Pick First metrics will have the following labels:
Name | Disposition | Description |
---|---|---|
grpc.target | required | Indicates the target of the gRPC channel in which PF is used. (Same as the attribute defined in A66.) |
The following metrics will be exported:
Name | Type | Unit | Labels | Description |
---|---|---|---|---|
grpc.lb.pick_first.disconnections | Counter | {disconnection} | grpc.target | Number of times the selected subchannel becomes disconnected. |
grpc.lb.pick_first.connection_attempts_succeeded | Counter | {attempt} | grpc.target | Number of successful connection attempts. |
grpc.lb.pick_first.connection_attempts_failed | Counter | {attempt} | grpc.target | Number of failed connection attempts. |
The XdsClient component was originally described in A27. Note that in A71, we are moving from a single global XdsClient instance to a separate global XdsClient instance for each channel target. The proposed metric schema here reflects that change.
XdsClient metrics will have the following labels:
Name | Disposition | Description |
---|---|---|
grpc.target | required | For clients, indicates the target of the gRPC channel in which the XdsClient is used (i.e., the same as the attribute defined in A66). For servers, will be the string "#server". |
grpc.xds.server | required | The target URI of the xDS server with which the XdsClient is communicating. |
grpc.xds.authority | required | The xDS authority. The value will be "#old" for old-style non-xdstp resource names. |
grpc.xds.cache_state | required | Indicates the cache state of an xDS resource. The value will be one of:
|
grpc.xds.resource_type | required | Indicates an xDS resource type, such as "envoy.config.listener.v3.Listener". |
The following metrics will be exported:
Name | Type | Unit | Labels | Description |
---|---|---|---|---|
grpc.xds_client.connected | Gauge | {bool} | grpc.target, grpc.xds.server | Whether or not the xDS client currently has a working ADS stream to the xDS server. For a given server, this will be set to 1 when the stream is initially created. It will be set to 0 when we have a connectivity failure or when the ADS stream fails without seeing a response message, as per A57. Once set to 0, it will be reset to 1 when we receive the first response on an ADS stream. |
grpc.xds_client.server_failure | Counter | {failure} | grpc.target, grpc.xds.server | A counter of xDS servers going from healthy to unhealthy. A server goes unhealthy when we have a connectivity failure or when the ADS stream fails without seeing a response message, as per gRFC A57. |
grpc.xds_client.resource_updates_valid | Counter | {resource} | grpc.target, grpc.xds.server, grpc.xds.resource_type | A counter of resources received that were considered valid. The counter will be incremented even for resources that have not changed. |
grpc.xds_client.resource_updates_invalid | Counter | {resource} | grpc.target, grpc.xds.server, grpc.xds.resource_type | A counter of resources received that were considered invalid. |
grpc.xds_client.resources | Gauge | {resource} | grpc.target, grpc.xds.authority, grpc.xds.cache_state, grpc.xds.resource_type | Number of xDS resources. |
All metrics added in this proposal will start as experimental and therefore off by default. The long term goal will be to de-experimentalize them and have them be on by default, but the exact criteria for that change are TBD.
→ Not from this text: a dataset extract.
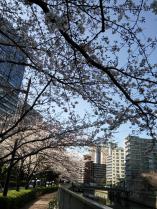 20130321目黒川の桜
This proposal does not include any features enabled via external I/O, so it does not need environment variable protection.
The metrics defined here are generally a trade-off between the usefulness of the metric and the cost of reporting it. As an example, for the WRR metrics, we considered exporting a histogram of how old the last backend load report was for each RPC sent to a particular backend, but that would have been extremely expensive. So instead, we are reporting the number of stale weights on each scheduler update.
Will be implemented in C-core by @markdroth, in Java by @dnvindhya, and in Go by @zasweq.